The hypothetical example depicted in Fig. 1A serves to illustrate the approach. In this example, two firms are used to construct a network among four world cities. The firm location matrix indicates that Firm A operates offices in New York, London, and Paris, but not in Tokyo. Similarly, Firm B operates offices in London, Paris, and Tokyo, but not in New York. The city network matrix is obtained by applying equation (1) to each cell in F individually or by applying equation (2) to F as a whole. A “1” appears in London's row and New York's column, indicating that these two cities are linked in the network, in this case because they both contain offices of Firm A. A “0” appears in Tokyo's row and New York's column, indicating that these two cities are not linked in the network because they do not contain offices for any of the same firms. A “2” appears in London's row and Paris's column, indicating that these two cities are strongly linked in the network, in this case because they both host offices of Firms A and B.

Figure 1.

Illustrations of interlocking world city networks. (a) Constructing an interlocking world city network. (b) Measuring a ring-structured network using the interlocking approach. (c) Measuring a star-structured network using the interlocking approach.

Currently, most network analyses require that linkages be coded as simply present or absent (i.e., binary) rather than as stronger or weaker (i.e., valued). Throughout this article, I make no assumptions about how strong a linkage must be to “count” and therefore simply consider linkages of any strength as present.3 The city network matrix can be represented in the form of a sociogram, as shown in Fig. 1A, to depict graphically the structure of the world city network. Although a wide range of techniques exists that may be employed to analyze a city network at this stage, this article does not address how a city network may be analyzed once it has been constructed; rather, it addresses the implications of using the interlocking approach to construct a network.

Structural determinism

As a conceptualization, Taylor's (2001) interlocking specification of the world city network importantly calls attention to the critical role of firms as the key economic and social actors in linking cities in a network. However, as a methodology, an important question remains: is Taylor's interlocking specification of the world city network valid? For a measurement methodology to be useful, it must be valid; that is, it must be able to measure the real-world phenomenon it is intended to measure. Thus, the interlocking approach is a useful methodology only if it can produce a network that is a faithful representation of the actual but unobserved world city network it is intended to measure, within the limits of measurement and sampling error. In this section, I demonstrate that although the interlocking approach can do so in principle, it often lacks validity in practice because the features of the world city networks it produces are structurally predetermined by features of the firm location data.

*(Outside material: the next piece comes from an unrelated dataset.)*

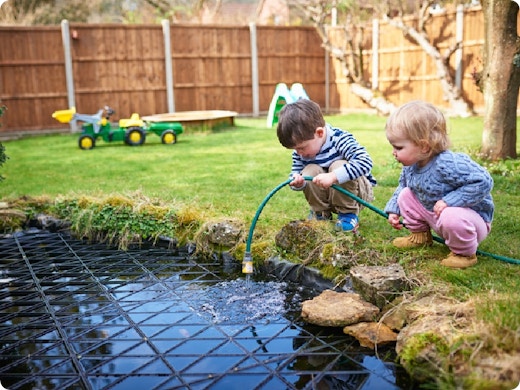 Un jardin plein de vie ? Voici quelques conseils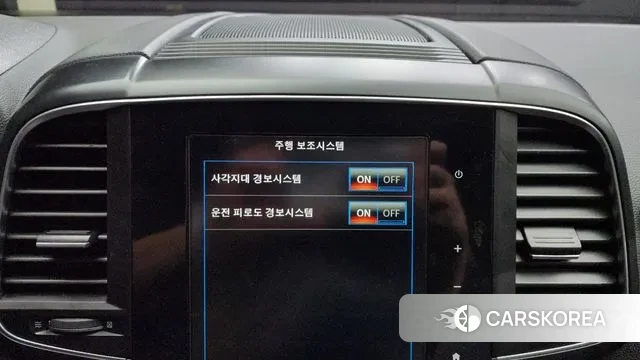 Renault Korea (Samsung) QM6 id 3060665 из Кореи 7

Fig. 1B depicts a possible network among four world cities. If we suppose that this is the actual but unobserved network to be measured using the interlocking approach, one important question is: what properties must the firm location matrix have to enable a researcher to measure this network? In this example, only the firm location matrix shown in Fig. 1B can produce this network.4 One firm is necessary to establish the linkage between each pair of cities: Firm A forges the linkage between New York and London, Firm B forges the linkage between London and Paris, and so on. A firm location matrix that includes any fewer firms could not reproduce this network. This example illustrates one characteristic of the interlocking approach: to produce a network with a ring structure, the number of firms must be equal to or greater than the number of cities. If the firm location matrix includes more cities than firms, the network derived using the interlocking approach cannot have a ring structure. Such data could produce a ring-like network; for example, a network that also includes a linkage between London and Paris could be derived from just two firms (e.g., Fig. 1A), but not a network with a true ring structure.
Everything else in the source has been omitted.